Popular Dating App Pays Women to Trick Men into Expensive Subscription Plans
Chinese dating app L’amour has been uncovered as one of a number of fraudulent dating sites taking over the Indian market this year.
An investigation by Quartz India discovered that L’amour was using bots and specially trained women to send flirtatious messages. This was done to try and encourage men to pay a subscription fee so they might respond the messages.
One user wrote on Google Play: “First, there will be a barrage of messages from ‘fake’ profiles…once you subscribe by paying money, they will stop replying.
“Then there will be multiple calls on your phone. These calls are also a strategy to further rob you of money because to call you have to buy “diamonds”, which are costly.”
However, once they pay, men receive fewer messages as the bots are unable to mimic realistic conversations and are easily recognised as fake.
Furthermore, many of the real women on the site are paid to encourage men to pay extra for a video chat or voice call, and as a result, many post fake photos or create false personas.
“These predatory apps have captured the market between matrimony and porn,” said Payal Arora, a professor in digital anthropology at Erasmus University Rotterdam, and author of The Next Billion Users.
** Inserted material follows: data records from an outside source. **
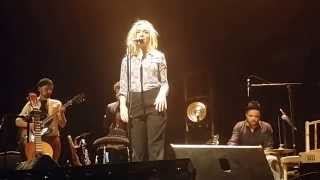 Öppna Upp Ditt Fönster - Lisa Ekdahl live på Lorensbergsteatern 2015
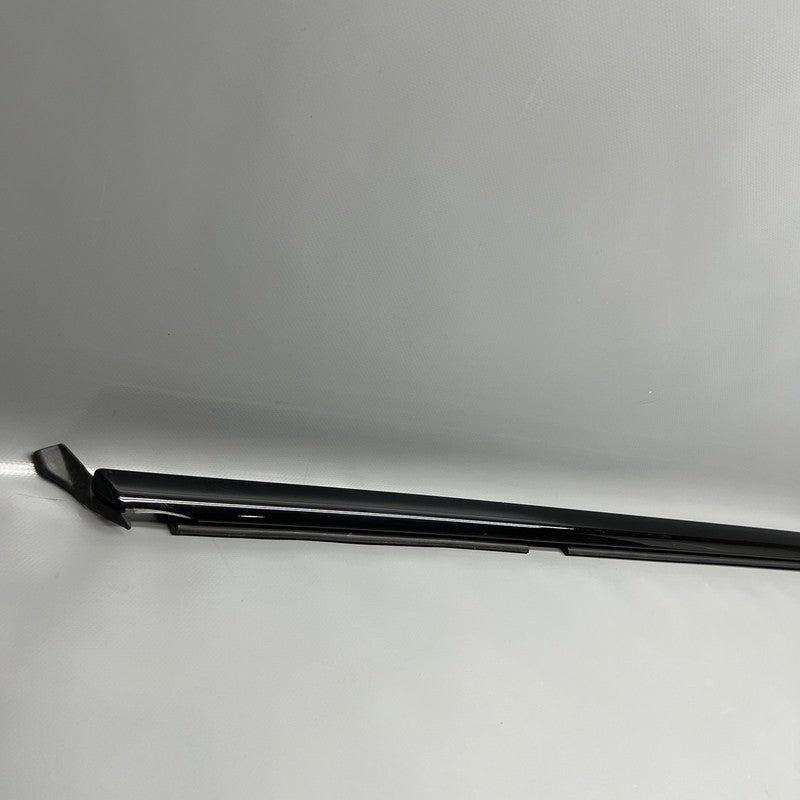 PORSCHE CAYENNE DOOR BELT MOLDING LEFT FRONT 2019 2020 OEM 9Y0837477D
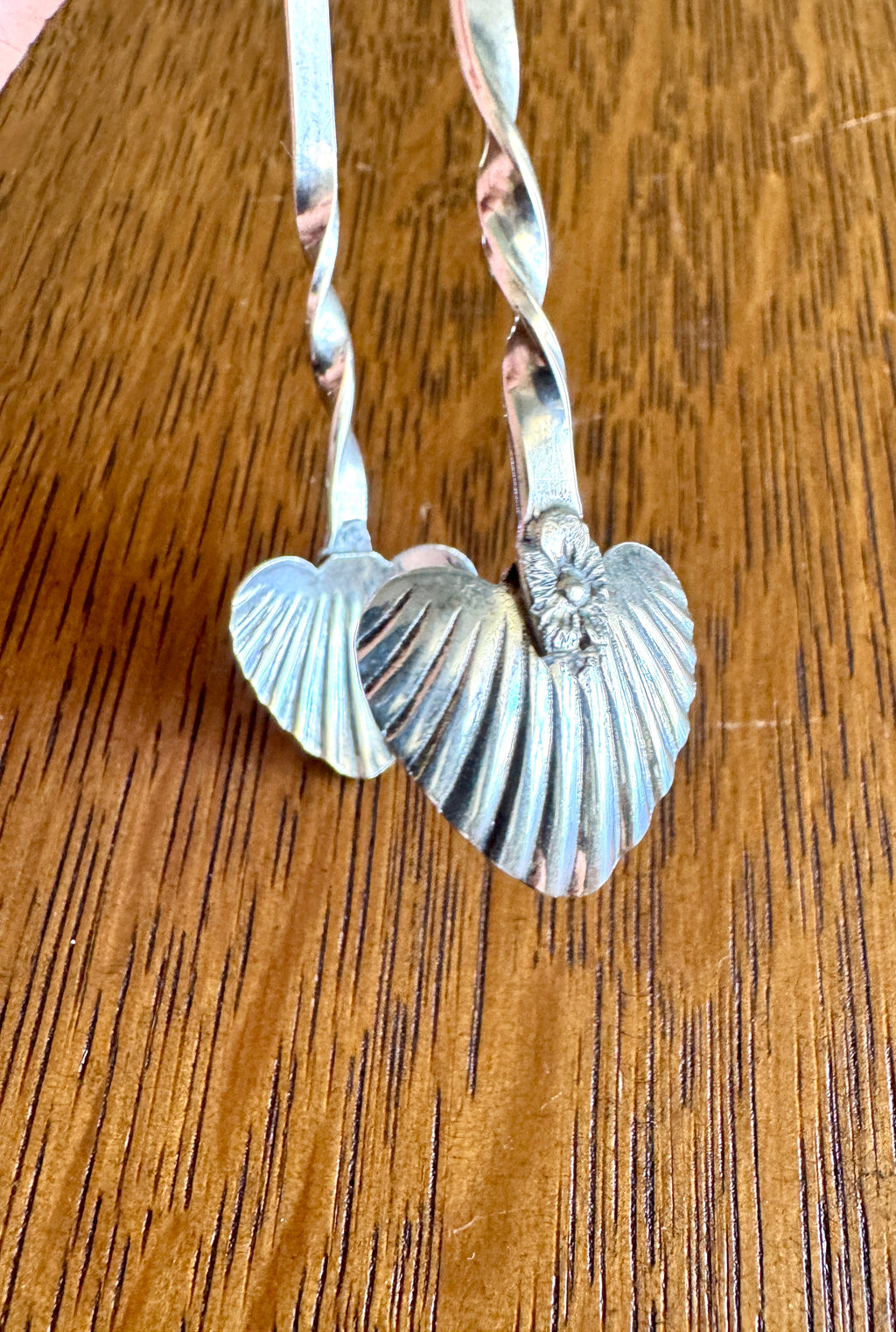 Vtg “R” Sterling Silver Heart Clam Shell Twisted Handle Sugar Cube Tongs 3”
“What they want often is some girl asking about their day: How was it? What did they eat for lunch? It is the everyday mundaneness of downloading your day to someone that makes your day count.”
Despite these concerns, analytics firm Sensor Tower reported that L’amour was downloaded by 14 million people in India during 2019, making it the most popular dating app. In comparison, only 6.6 million downloaded Tinder.
Last month, a cyber-security company, Kaspersky, discovered that over 2,000 African daters had fallen victim to cyber-attacks on fake dating sites in 2019.